The Montana Department of Fish, Wildlife and Parks (“Montana Fish, Wildlife, and Parks”) seeks to intervene in this action as a matter of right pursuant
to Federal Rule of Civil Procedure 24(a) or, in the alternative, to intervene at the Court’s discretion pursuant to Rule 24(b). (Doc. 17.) Plaintiffs take no position on the motion. Defendant United States Fish and Wildlife Service (the “Service’”) opposes intervention under Rule 24(a), but takes no position on intervention under Rule 24(b). Because intervention is appropriate under Rule 24(a), Montana Fish, Wildlife, and Parks’ motion is granted. Intervention as of right under Rule 24(a) is appropriate when the party seeking to intervene demonstrates the following: (1) the application is timely; (2) the applicant has a significant protectable interest relating to the subject of the action; (3) the applicant’s ability to protect its interest may be impaired or impeded by the disposition of the action; and (4) the existing parties may not adequately represent the applicant’s interest. See Citizens for Balanced Use v. Mont. Wilderness Ass’n, 647 F.3d 893, 897 (9th Cir. 2011). “While an applicant seeking to intervene has the burden to show that these four elements are met, the requirements are broadly interpreted in favor of intervention.” Jd.
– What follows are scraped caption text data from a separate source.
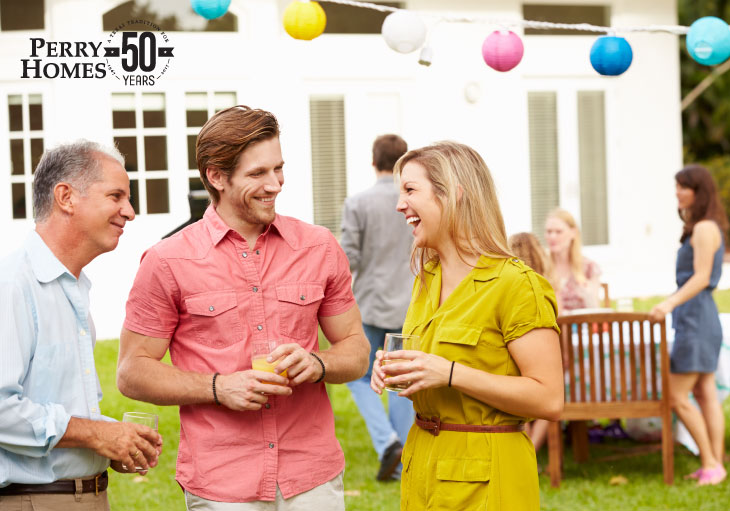 people standing and laughing while holding drinks at outdoor party during the summer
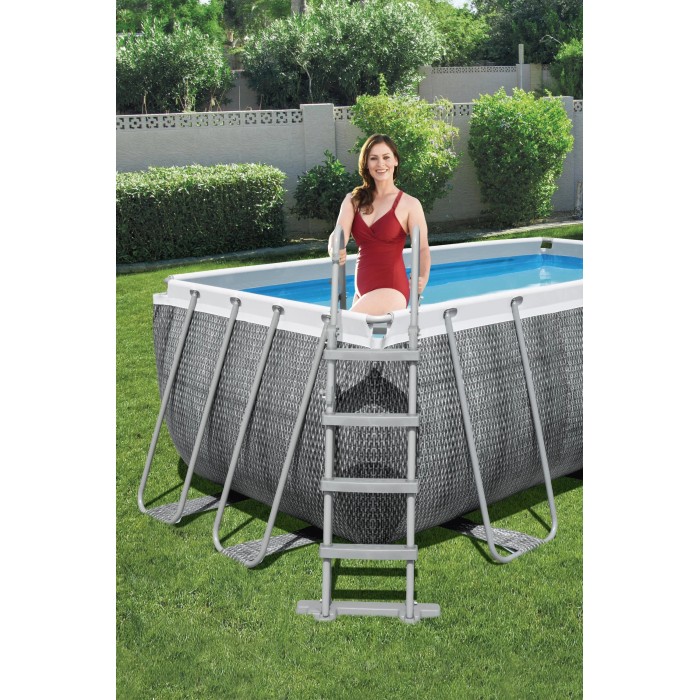Piscina fuori terra rettangolare con scaletta e donna in costume rosso in giardino.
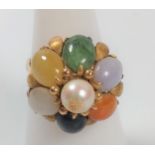 A 14k ring set with seven agates
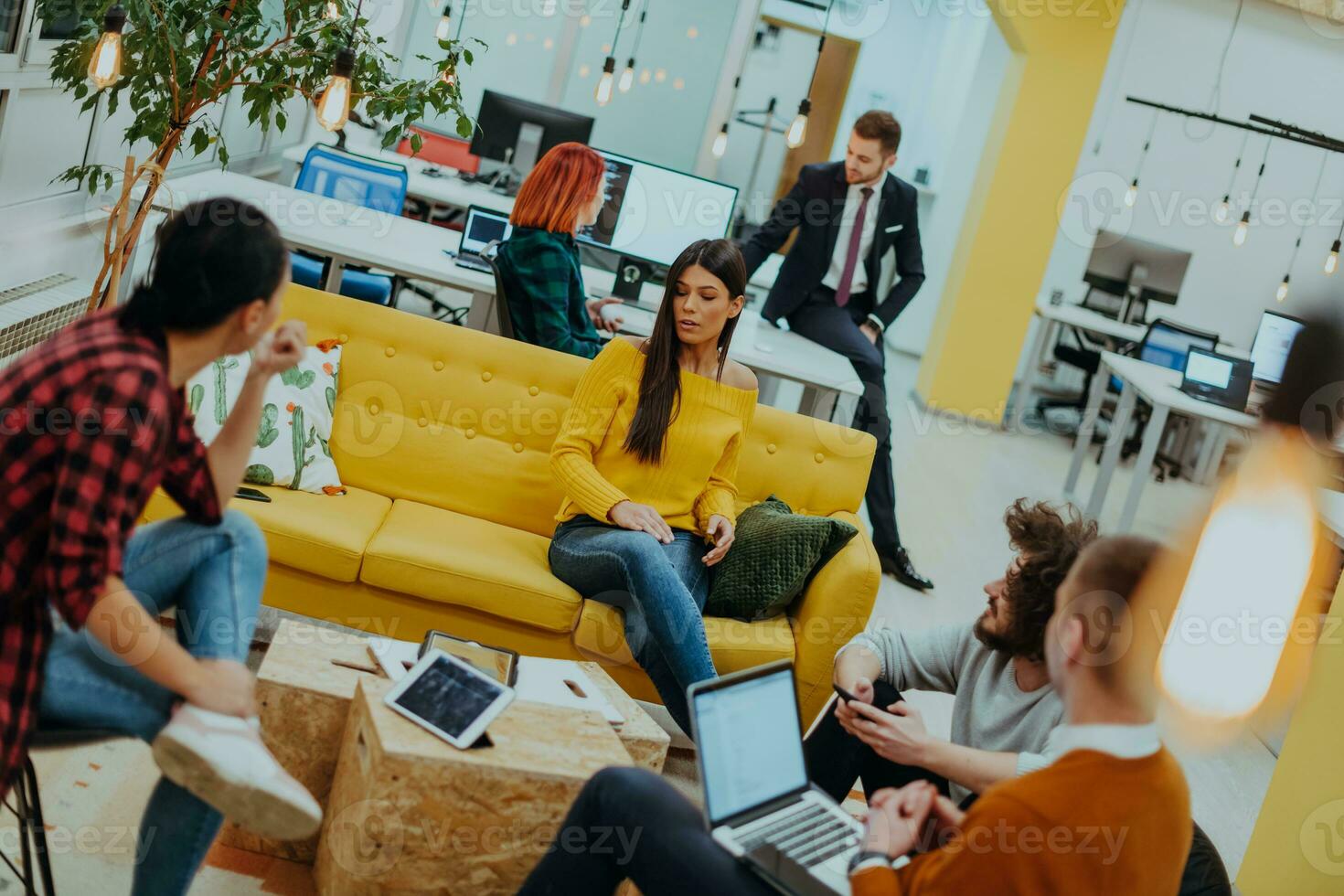 Multiethnic group of employees working in a marketing company. A group of colleagues is working on a project in modern offices photo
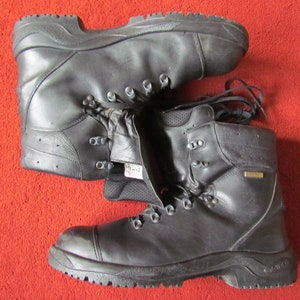 May include: A pair of black leather hiking boots with a lace-up closure and a Gore-Tex label. The boots have a thick rubber sole and a rugged design.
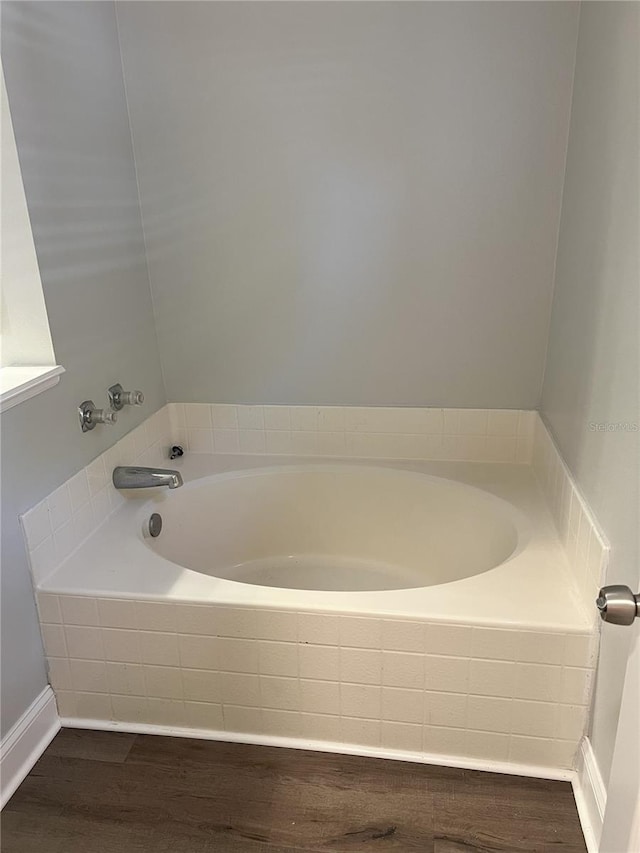 bathroom featuring wood finished floors and a garden tub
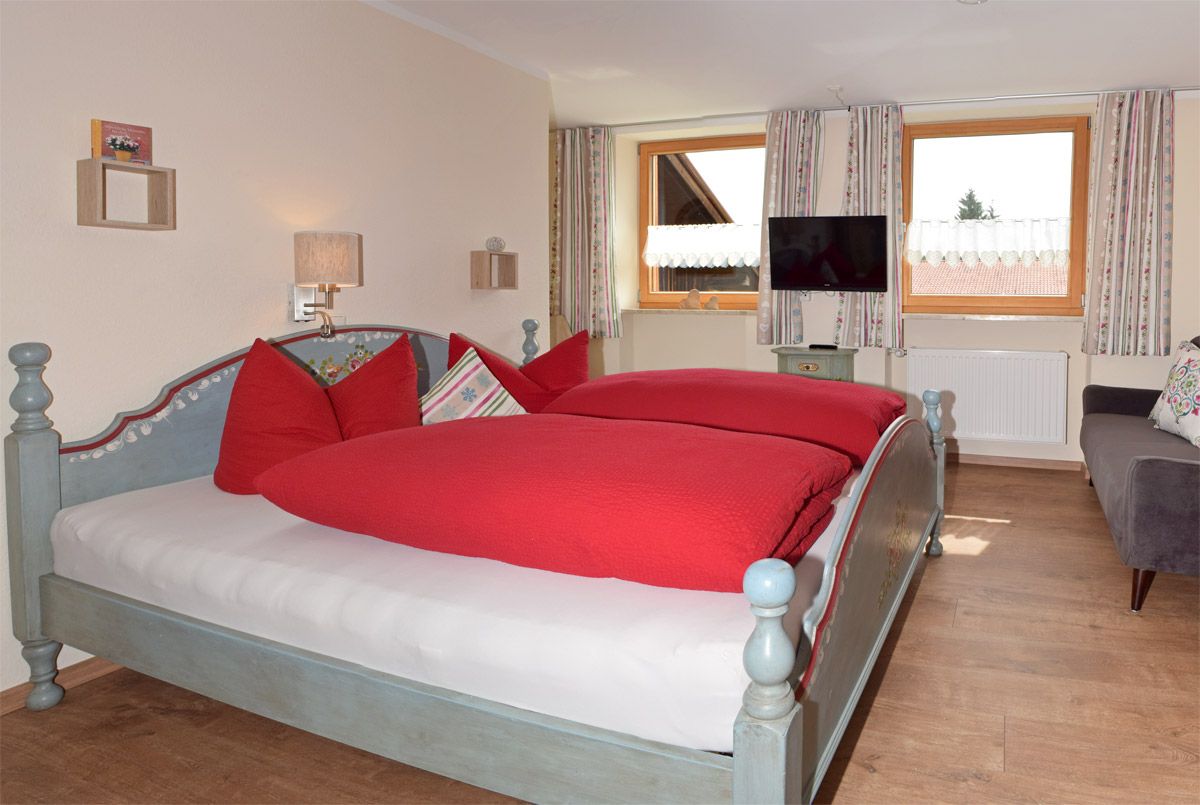 Schlafzimmer mit Doppelbett, Sofa und TV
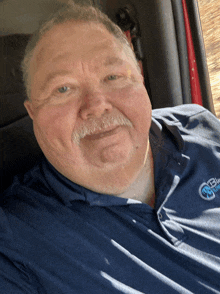 a man wearing a blue shirt that says blue ribbon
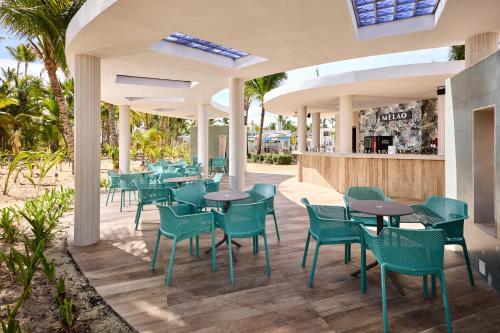 a restaurant with green chairs and tables and a bar at Riu Palace Bavaro - All Inclusive in Punta Cana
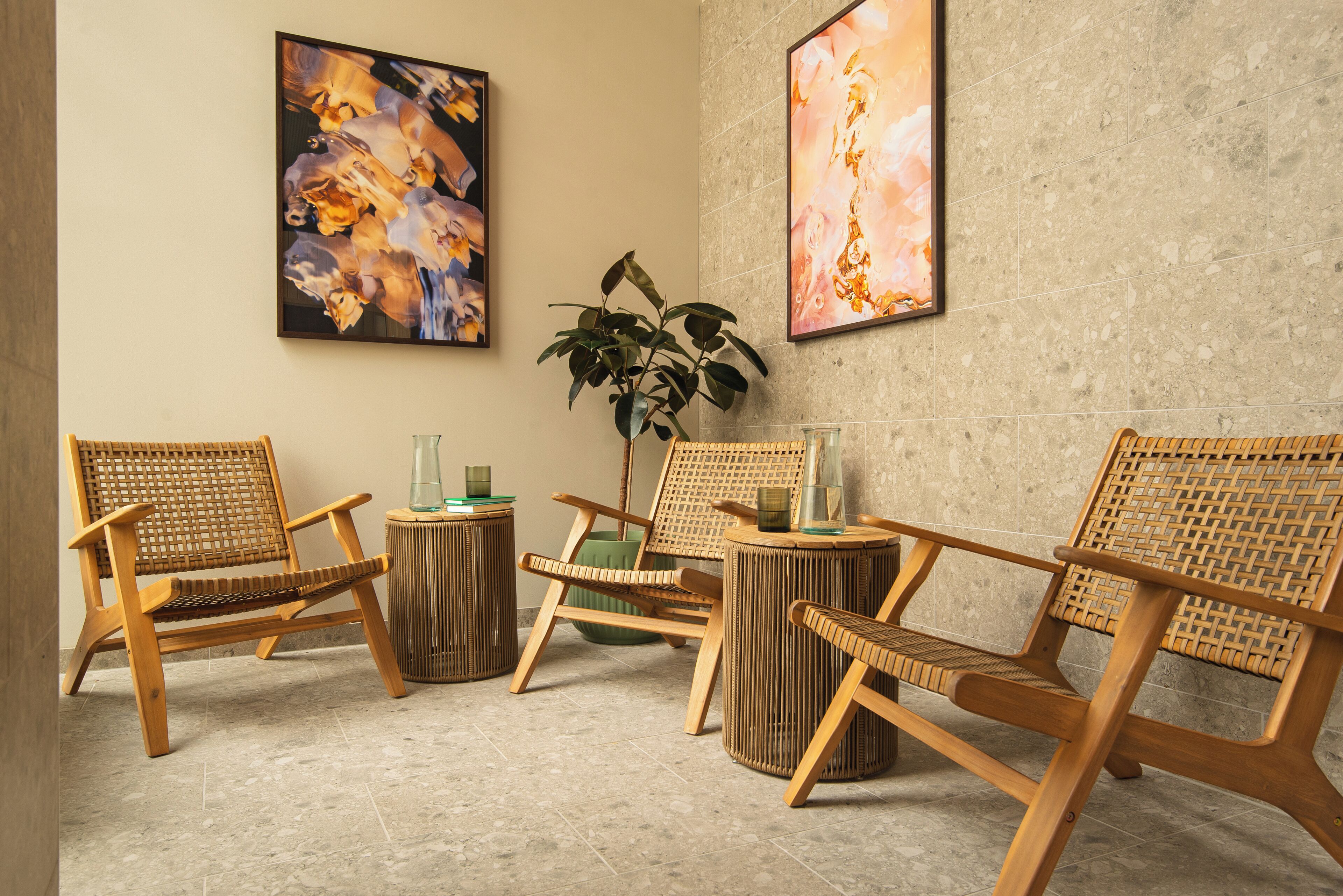 Une pièce avec quatre chaises en bois, une plante verte et deux tableaux abstraits accrochés au mur.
The review of
an application to intervene “is guided primarily by practical considerations, not technical distinctions.” Jd. (quotation marks omitted). On the first factor, timeliness, considerations include: “(1) the stage of the proceeding at which an applicant seeks to intervene; (2) the prejudice to other parties; and (3) the reason for and length of the delay.” W. Watersheds Project v.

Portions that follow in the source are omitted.